Our vision is a regulator that works with the local authorities with the ultimate purpose of providing better services to those sitting at the receiving end - the users.
RV: Paul, does that match your vision?
Paul Walker: Yes. For the past seven years, we have been concentrating on a small collection of councillors, the executive and, in our case [Hartlepool borough council], the elected mayor, and how well they have done. As we have gone through the comprehensive performance assessment, we have certainly improved standards on that.
The move to the comprehensive area assessment will bring into focus the good work the frontline councillors do, because they all work as champions in their areas. They are all on neighbourhood forums, on resident forums and they do a lot of work. It helps to raise standards, but it is not really recognised.
My hope is in a few years' time, this will be seen as a stepping stone to fully trusting councils and councillors to do the work that they want to do.
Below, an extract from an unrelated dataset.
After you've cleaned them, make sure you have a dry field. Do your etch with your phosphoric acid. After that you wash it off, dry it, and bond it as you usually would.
And this is a really good step in that direction.
Corin Thomson: There is a real advantage to the new assessment in bringing in councillors more. The focus on customer satisfaction is something councillors can take an interest in and will be involved in.
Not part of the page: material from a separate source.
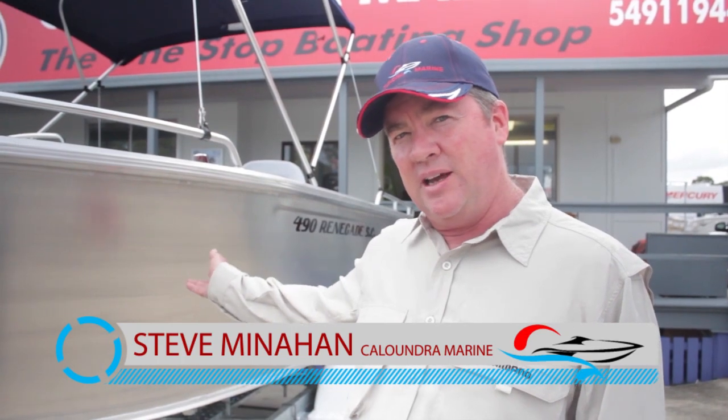Hi, I'm Steve from Caloundra Marine. Today we're going to talk about two different boats in the range: the 490 Renegade side console and the 490 Renegade center console.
But there are risks - we have shown real improvements in performance over the past few years and need to make sure that the new system will continue to allow us to do that.
RV: David, what do you think are the barriers to success in terms of implementing this system and how can they be overcome?
David Fry: There is a lot of difficulty because satisfaction is only one measure of the quality of service being delivered.
Often people are not satisfied with a service, but actually it is a good service because there is always a balance between need and demand.
Central government will have to let go. Imagine getting them to agree between departments on what the 200 indicators are. Those are all shifts in the way people behave.
In local government, the good areas have done well, but the evaluation of the first phase of local area agreements is patchy and where it works well it should continue to work well. Where it doesn't, you are relying on a much greater ability to develop a more complex local area agreement.
Also, the Audit Commission is best placed [to manage the new system] but there is a significant change in role here.
The capture and management of the data of performance indicators across a range of services - the analysis of that which allows you to form a risk-based view of the future and the ability to play that back in a way that is meaningful to consumers and to the local partners - is quite a shift in emphasis.
Game of risk
RV: One of the most ambitious aspects of the new framework is that it is going to be risk-based, which could mean those high performers doing the most innovative projects could get more attention than poor performers. So I would like to bring in our health and police colleagues who have perhaps a better understanding of the issue of risk than most. Roger?
Roger Baker: Definition is a key issue because people speak about community safety, but what does it mean? You have really got to know what a good job looks like before you can get into what risk looks like.
Also in moving from the old assessment, for example, to the new one, there is a risk of letting go of things that have worked and the staff and the consumer understanding of it.
But the risk for me is that on the level of assessment, we question ourselves and try to define risk too much. There is a difference between the local area agreement assessment and what the assessment of policing and community safety is saying about the same issues. And that is going to leave most of us very confused.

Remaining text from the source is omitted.